Because if one were to sign only statements that are formulated
the way one thinks proper, no one would sign anything, except
the author. It's understood that a signature means support for
the general gist of the statement, not the specific formulations.
I have no doubt that Mullas in Qom and Stalinist extremists fumed
about the other petitions, analyzing every word for a possible
connotation, much in the way that Vidal-Naquet, Dershowitz, and
other clones of the commissars and Mullahs do in this case. (14
Aug. 1995)
In 1969, Chomsky described the Holocaust as "the most fantastic
outburst of collective insanity in human history" (Peace
57-58). He also noted that the moment we enter into "a
technical debate with the Nazi intelligentsia," the moment
we consider such questions as, "[I]s it true that the Jews
are a cancer eating away at the vitality of the German people?"
"What is the evidence that the Slavs are inferior beings?"
we are plunged into "this morass of insane rationality."
He then voiced his most impassioned and powerful plea of all:
"By entering into the arena of argument and counterargument,
of technical feasibility and tactics, of footnotes and citations,
by accepting the presumption of legitimacy of debate on certain
issues, one has already lost one's humanity" (American
Power 9). Yet it is a petition, not the sum total of his writings,
that is taken as the measure of Chomsky's commitment.
[187]
The Pol Pot Affair
Collaborators once more, Chomsky and Edward Herman published The
Political Economy of Human Rights in 1979. In the second
volume of this two-volume work, After the Cataclysm: Postwar
Indochina and the Reconstruction of Imperial Ideology,
they compared two sites of atrocity -- Cambodia and Timor
-- and evaluated the diverse media responses to each. It embroiled
Chomsky in an entirely new controversy.
In a 7 November 1980 Times Higher Education Supplement article
called "Chomsky's Betrayal of Truths," Steven Lukes
accused Chomsky of intellectual irresponsibility. He was contributing
to the "deceit and distortion surrounding Pol Pot's regime
in Cambodia," Lukes charged, because, "obsessed by his
opposition to the United States' role in Indochina," he had
"lost all sense of perspective" (31). Lukes concluded
that there was "only one possible thing to think": Chomsky
had betrayed his own anarchist-libertarian principles. "It
is sad to see Chomsky writing these things. It is ironic, given
the United States' government's present pursuit of its global
role in supporting the seating of Pol Pot at the [United Nations].

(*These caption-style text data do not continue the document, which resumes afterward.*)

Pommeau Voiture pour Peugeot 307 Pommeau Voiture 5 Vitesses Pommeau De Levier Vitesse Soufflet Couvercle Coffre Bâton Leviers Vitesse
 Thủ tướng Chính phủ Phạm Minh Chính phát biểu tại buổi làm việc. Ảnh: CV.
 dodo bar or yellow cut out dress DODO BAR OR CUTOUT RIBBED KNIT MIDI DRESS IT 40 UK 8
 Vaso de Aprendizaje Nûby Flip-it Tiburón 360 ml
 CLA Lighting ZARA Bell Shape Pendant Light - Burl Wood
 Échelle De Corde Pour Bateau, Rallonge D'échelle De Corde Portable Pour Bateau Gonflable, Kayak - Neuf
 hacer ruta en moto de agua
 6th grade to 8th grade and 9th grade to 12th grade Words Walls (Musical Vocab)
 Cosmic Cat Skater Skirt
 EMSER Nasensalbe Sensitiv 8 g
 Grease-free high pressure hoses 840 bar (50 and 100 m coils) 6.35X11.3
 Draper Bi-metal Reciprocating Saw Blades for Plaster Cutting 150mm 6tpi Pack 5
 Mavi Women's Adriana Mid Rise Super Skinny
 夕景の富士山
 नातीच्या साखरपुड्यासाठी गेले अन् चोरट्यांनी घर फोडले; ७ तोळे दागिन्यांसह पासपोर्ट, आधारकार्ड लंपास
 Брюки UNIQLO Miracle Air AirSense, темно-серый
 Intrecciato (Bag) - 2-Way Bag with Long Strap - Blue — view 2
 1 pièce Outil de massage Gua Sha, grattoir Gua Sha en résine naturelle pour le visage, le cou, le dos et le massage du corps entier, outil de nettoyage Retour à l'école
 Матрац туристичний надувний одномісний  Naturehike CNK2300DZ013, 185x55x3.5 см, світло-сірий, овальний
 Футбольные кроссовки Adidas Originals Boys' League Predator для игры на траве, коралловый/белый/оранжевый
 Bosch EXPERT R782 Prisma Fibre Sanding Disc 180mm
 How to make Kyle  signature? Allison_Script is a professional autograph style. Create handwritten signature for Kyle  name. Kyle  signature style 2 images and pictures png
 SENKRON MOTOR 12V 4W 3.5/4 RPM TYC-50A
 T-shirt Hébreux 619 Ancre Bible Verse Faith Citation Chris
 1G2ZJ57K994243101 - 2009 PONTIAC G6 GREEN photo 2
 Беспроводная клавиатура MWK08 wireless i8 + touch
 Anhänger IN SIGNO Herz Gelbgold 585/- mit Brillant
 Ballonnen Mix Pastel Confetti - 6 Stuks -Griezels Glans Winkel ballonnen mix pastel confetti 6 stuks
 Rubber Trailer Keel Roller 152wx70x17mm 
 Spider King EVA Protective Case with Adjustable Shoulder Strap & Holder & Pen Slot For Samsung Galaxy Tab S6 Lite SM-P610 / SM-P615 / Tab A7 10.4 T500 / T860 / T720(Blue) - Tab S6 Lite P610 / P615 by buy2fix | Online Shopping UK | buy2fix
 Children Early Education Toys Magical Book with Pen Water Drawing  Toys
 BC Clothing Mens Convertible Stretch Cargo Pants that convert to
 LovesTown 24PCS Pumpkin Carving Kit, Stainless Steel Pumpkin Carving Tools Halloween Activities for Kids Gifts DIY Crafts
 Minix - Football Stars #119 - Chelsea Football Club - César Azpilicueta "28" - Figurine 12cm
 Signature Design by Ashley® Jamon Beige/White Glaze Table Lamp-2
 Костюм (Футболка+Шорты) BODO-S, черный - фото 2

And it is bizarre, given Chomsky's previous stand for anarchist-
libertarian principles. In writing as he does about the Pol Pot
regime in Cambodia, Chomsky betrays not only the responsibilities
of intellectuals, but himself" (31).
Lukes makes no mention here of the subject of the book, which
is clearly stated in the introduction to volume 1, which is entitled
"Cambodia: Why the Media Find It More Newsworthy than Indonesia
and East Timor." It is an explicit comparison between Cambodia
and Timor -- the latter being the scene of the worst slaughter,
relative to population size, since the Holocaust. Now if the atrocities
perpetrated in Timor were comparable to those perpetrated by Pol
Pot in Cambodia (and Chomsky claims that they were), then a comparison
of Pol Pot's actions to those committed in Timor could not possibly
constitute an apology for Pol Pot. Yet somehow Lukes suggested
that it did. If such comparisons cannot be made without the intellectual
community rising up in protest, then the entire issue of state-instigated
murder can become lost inside the polemics of determining which
team of slaughterers represents a lesser evil.
[188 ]
That Lukes could ignore the fact that Chomsky and Herman were
comparing Pol Pot to East Timor "says a lot about him,"
in Chomsky's opinion:
By making no mention of the clear, unambiguous, and explicit comparison
[of Pol Pot and East Timor], he is demonstrating himself to be
an apologist for the crimes in Timor. That is elementary logic:
if a comparison of Pol Pot to Timor is apologetics for Pol Pot,
as Lukes claims (by omission of the relevant context, which he
could not fail to know), then it must be that the crimes in Timor
were insignificant. Lukes, then, is an apologist for the worst
slaughter relative to population since the Holocaust. Worse, that
is a crime for which he, Lukes, bears responsibility; UK support
has been crucial. And it is a crime that he, Lukes, could have
always helped to terminate, if he did not support huge atrocities;
in contrast, neither he nor anyone else had a suggestion
as to what to do about Pol Pot. (13 Feb. 1996)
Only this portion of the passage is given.